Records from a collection
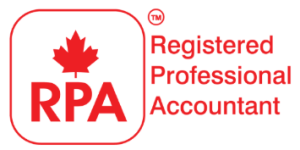 RPA logo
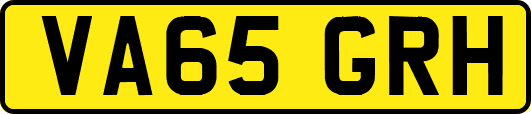 VA65GRH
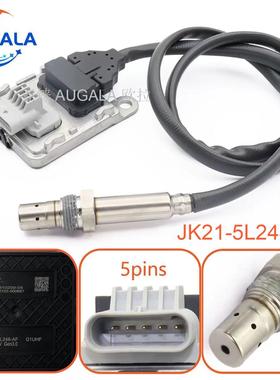 氮氧传感器 NOx sensor JK21-5L248-AF JK215L248AF JK215L248AG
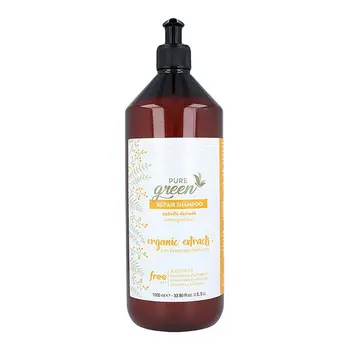 Shampoo Repair Pure Green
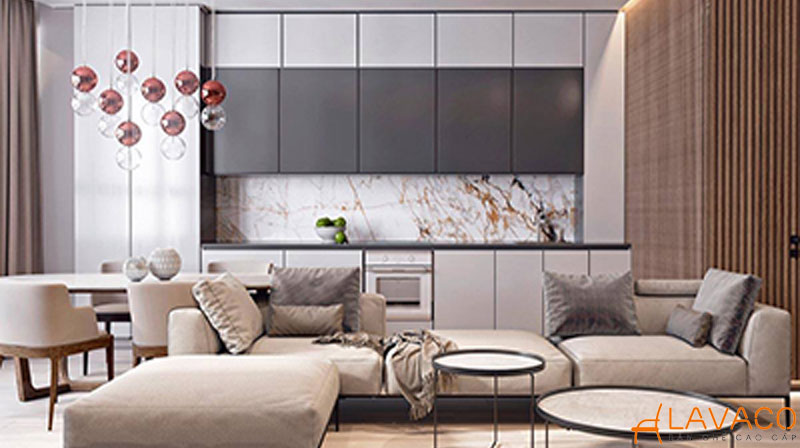 TOP 8 cửa hàng nội thất Quận 1 chất lượng, uy tín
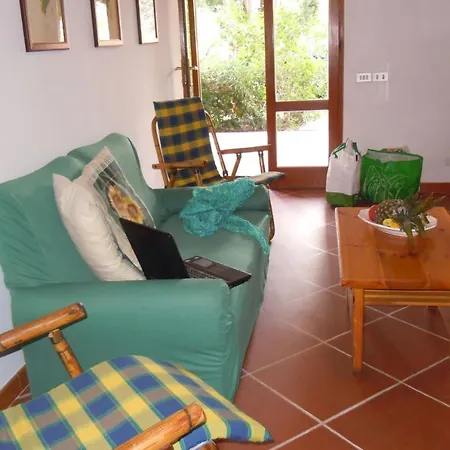 014 I Gerani Vila *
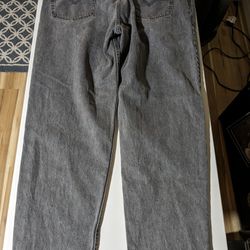 Men's Levi' Jeans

About this task:
Lines from the one that contains "TOP 8 cửa hàng" through the last line of the data above are to be extracted exactly, with no pictures and no other lines.

Result of the exercise:
 TOP 8 cửa hàng nội thất Quận 1 chất lượng, uy tín
 014 I Gerani Vila *
 Men's Levi' Jeans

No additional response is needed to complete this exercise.